The root of all conflict is insecurity. And the root of all insecurity is fear.
Many people use conflict as a form of communication. Because of their own insecurities they start fights -- arguments, misunderstandings -- or use criticism and sarcasm not in a constructive way or as a higher form of wit but as a destructive weapon. They do this for a variety of emotional and psychological reasons. They learned this behavior at home and in the environment in which they grew up.
Such people need a way to off-load their fears onto others. Many are lonely, others jealous, and some are wracked by insecurities or feelings of low self-esteem. Others are playing power games -- a higher form of insecurity -- and some start conflicts simply because they are looking for someone talk to, somebody to share in their own pain.
They crouch at the bottom of their own dark, dank holes trapped with the only person they don't want to be with: themselves. Alone, they are confronted with their issues and complexes. Yet when they sense life or movement at the lip of their hole, they shout from the bottom, "Hey, you! Big nose! [add insult] Come down here and let's fight it out, you jerk!" Thus, they invite you down into their cramped chambers for a conflict in order to communicate their misery.
The essential question to ask is: Why do you accept the invitation? Why do you willingly crawl down someone else's rabbit hole, especially if you are not qualified to do so?
The reasons people -- often perfectly healthy people -- accept a rabbit hole invitation is as complex as the inner torments of those who crouch in the shadows of their holes. You go down other peoples' rabbit holes to:
-- Accept the conflict invitation.
-- Out of a sincere need to help out and do good.
-- Because the person can push all the right buttons on you and manipulate your feelings.
-- Because you don't realize it is a rabbit hole, and what it means to go down one.
-- Because you are as lost, insecure and confused as the rabbit itself.
-- Because you are a rabbit hole communicator and you don't know any other way to communicate.
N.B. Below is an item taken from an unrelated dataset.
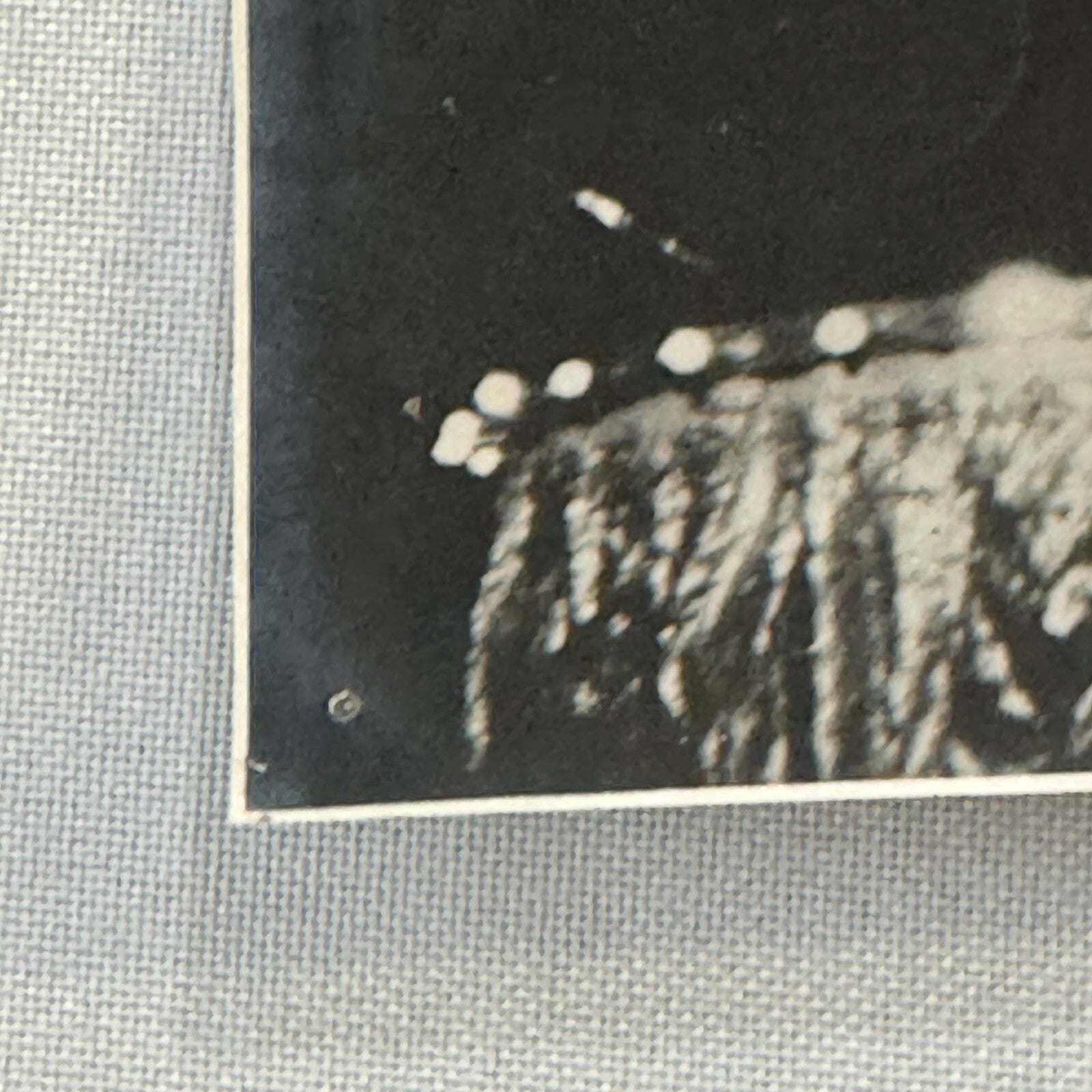 Vintage Circus Performer Photo Photograph Acrobatic Roller Skating Skate Act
-- Because you have a "superwoman" or "superman" complex. You have a need to "save" the person at the bottom of the hole for your own positive self-image and to feel good about yourself.
And thus do you journey to the bottom of somebody else's hole. It is a dark and often unfamiliar place. A creature lurks in some murky corner of the hole, eyes glowing red, ready for a confrontation. Or perhaps their eyes are as vacant and lost as the hole itself. It doesn't matter. In either case, you find yourself at the bottom of somebody else's hole and they either want to drag you into a conflict with them or to swallow you whole within their sad, empty gazes, sucking you down into their own oblivion.
Now what are you going to do? Fight, become lost yourself, live, writhe or die at the bottom of somebody else's hole? Are you prepared for this? Do you really want or need this? Are you even qualified to be there?
Let's say you are indeed ready and willing to fight deep inside this rabbit hole. But are you consciously aware of what the fight is about? Is it worth the energy? Conflict can be good and healthy but only if there is a positive outcome, only if the conflict creates clarity. Otherwise you may simply be in a fight with someone you don't wish to fight and for reasons that are unclear to you: a dim and confusing situation.
Or let's say you sincerely wish to help that rabbit hole person with the vacant or angry eyes. Are you prepared for this? Does the person truly wish to get better or to merely to have someone sharing her or his hole with them? If so, is that what you want?
The danger is, you will either emerge from somebody else's hole battered, bruised and perhaps angry with yourself, or you will remain at the bottom of their hole as lost and lonely as they are. And if you do return to the top, you may be shocked, saddened and shattered by the experience. Some of you might even dig your own hole, and lie down there for a very long time.
The key is, don't accept invitations to travel down somebody else's rabbit hole unless you are mentally, emotionally, spiritually and physically ready to do so. Your reasons and motivations must be crystal clear. Your self-awareness must be very high. Your ego must be strong and fit.
Only by being highly aware of our own and others' motivations and mindsets, can you remain safe and secure at the edge of other peoples' rabbit holes. Practically, this means recognizing and actively fighting against those parts of your own personality which lures you down rabbit holes.
Through conscious awareness of yourself, you have to develop the ability to decline invitations to journey down into other peoples' rabbit holes. This means you have to learn to say "no!" to those whose emotional and physiological motivations do not have your best interests at heart.
Don't travel down rabbit holes unless you are certain of what lies at the bottom, and what your own personal strategies, motivations and goals are. Don't travel down somebody else's rabbit hole unless there is something unselfishly in it for you -- your own self-awareness, self-development, or self-understanding. Otherwise, best leave this adventure to the qualified experts.
You can only truly emotionally, mentally and spiritually support others when you stand firmly and resplendently in the sunlight your own self-knowledge, when with calm conviction you can balance yourself upon the edges of rabbit holes, grateful and content to help those who are seeking -- and actively working on -- improving and strengthening their own self-development.
Everyone has a purpose. Know yours in order to help others.